**Task brief:** Copy out each line of the entries below in which the string "autumn" appears.

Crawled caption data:
# # # #

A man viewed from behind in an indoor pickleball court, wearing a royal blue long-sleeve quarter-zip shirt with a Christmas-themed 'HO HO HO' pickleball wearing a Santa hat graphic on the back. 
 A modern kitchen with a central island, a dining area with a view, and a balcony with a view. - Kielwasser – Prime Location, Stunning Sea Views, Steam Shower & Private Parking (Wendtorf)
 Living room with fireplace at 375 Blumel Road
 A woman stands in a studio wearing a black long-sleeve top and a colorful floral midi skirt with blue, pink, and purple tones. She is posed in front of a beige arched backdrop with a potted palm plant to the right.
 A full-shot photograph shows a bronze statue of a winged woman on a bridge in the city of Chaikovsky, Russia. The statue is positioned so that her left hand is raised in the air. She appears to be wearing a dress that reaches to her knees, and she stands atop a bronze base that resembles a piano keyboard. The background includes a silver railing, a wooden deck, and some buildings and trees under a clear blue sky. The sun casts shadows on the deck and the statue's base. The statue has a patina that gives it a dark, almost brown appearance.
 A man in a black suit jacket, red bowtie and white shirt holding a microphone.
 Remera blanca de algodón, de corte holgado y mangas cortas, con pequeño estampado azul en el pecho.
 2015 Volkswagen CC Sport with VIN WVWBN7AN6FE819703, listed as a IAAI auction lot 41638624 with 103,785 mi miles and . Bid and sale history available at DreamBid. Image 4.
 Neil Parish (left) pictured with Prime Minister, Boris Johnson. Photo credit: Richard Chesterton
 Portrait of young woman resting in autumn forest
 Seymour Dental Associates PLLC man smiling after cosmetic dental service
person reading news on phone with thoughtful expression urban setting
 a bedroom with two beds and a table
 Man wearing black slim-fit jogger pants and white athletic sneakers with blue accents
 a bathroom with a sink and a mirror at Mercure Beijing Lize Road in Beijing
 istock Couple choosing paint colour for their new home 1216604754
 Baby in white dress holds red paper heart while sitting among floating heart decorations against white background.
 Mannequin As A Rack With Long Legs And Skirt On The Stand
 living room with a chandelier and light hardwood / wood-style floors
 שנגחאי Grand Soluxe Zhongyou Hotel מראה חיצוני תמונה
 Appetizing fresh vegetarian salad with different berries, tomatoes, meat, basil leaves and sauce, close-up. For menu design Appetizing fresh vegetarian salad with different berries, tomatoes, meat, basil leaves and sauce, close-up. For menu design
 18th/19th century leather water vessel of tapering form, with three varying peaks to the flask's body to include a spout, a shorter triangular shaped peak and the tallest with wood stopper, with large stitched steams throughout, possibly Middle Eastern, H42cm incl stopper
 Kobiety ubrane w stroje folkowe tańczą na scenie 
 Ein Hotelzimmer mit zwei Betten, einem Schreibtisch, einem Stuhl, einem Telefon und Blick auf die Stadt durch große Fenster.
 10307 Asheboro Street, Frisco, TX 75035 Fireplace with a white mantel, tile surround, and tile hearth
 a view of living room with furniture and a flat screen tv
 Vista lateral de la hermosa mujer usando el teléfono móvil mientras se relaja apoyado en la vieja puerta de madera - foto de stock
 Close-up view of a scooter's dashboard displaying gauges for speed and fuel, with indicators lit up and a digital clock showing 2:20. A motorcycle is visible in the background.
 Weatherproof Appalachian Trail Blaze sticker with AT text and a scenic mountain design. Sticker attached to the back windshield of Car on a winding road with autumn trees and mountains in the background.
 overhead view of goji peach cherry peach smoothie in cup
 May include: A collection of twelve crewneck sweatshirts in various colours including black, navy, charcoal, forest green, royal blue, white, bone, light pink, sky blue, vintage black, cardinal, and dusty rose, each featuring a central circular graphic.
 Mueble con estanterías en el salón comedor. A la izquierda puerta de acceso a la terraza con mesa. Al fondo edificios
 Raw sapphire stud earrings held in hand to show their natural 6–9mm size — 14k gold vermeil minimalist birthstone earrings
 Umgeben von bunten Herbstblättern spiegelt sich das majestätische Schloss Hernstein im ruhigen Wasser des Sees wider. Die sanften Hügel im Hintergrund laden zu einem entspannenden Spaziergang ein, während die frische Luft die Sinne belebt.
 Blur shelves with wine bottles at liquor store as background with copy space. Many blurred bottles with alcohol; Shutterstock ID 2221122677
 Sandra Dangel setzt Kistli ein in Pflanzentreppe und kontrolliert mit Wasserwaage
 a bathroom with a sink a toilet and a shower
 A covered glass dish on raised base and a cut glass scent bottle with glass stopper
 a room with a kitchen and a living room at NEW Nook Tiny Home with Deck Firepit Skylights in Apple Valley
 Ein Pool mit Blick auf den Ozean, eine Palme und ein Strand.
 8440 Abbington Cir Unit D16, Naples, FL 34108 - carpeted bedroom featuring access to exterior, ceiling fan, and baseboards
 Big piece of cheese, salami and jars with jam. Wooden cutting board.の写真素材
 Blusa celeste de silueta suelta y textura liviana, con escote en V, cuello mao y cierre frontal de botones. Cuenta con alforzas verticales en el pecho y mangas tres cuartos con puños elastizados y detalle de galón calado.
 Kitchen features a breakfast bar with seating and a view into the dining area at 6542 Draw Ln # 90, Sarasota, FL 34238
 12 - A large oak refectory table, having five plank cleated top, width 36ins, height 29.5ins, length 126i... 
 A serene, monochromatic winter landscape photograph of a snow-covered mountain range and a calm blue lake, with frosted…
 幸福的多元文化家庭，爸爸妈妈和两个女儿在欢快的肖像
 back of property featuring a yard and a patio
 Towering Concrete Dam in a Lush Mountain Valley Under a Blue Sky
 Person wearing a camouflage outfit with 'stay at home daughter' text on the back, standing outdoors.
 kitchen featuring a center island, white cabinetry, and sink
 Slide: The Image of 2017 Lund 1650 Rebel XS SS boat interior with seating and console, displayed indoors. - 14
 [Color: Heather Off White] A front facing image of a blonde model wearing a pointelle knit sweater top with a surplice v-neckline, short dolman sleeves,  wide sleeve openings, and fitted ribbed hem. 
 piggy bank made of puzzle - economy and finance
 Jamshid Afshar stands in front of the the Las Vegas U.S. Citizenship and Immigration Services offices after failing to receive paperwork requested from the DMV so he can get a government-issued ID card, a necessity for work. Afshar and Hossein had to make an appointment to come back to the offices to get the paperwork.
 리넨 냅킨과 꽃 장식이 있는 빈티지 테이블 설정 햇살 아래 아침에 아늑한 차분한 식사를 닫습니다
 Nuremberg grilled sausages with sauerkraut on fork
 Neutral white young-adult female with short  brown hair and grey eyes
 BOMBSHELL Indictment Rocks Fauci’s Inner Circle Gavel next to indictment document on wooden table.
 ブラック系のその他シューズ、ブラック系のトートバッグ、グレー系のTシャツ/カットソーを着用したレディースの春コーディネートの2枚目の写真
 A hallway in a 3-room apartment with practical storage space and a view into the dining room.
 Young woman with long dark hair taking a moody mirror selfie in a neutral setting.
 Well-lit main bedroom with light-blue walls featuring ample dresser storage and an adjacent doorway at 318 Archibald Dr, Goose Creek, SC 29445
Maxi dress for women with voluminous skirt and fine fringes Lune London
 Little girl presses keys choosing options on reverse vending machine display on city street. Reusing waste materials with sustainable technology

# # # #

**Response:**
 Portrait of young woman resting in autumn forest
 Weatherproof Appalachian Trail Blaze sticker with AT text and a scenic mountain design. Sticker attached to the back windshield of Car on a winding road with autumn trees and mountains in the background.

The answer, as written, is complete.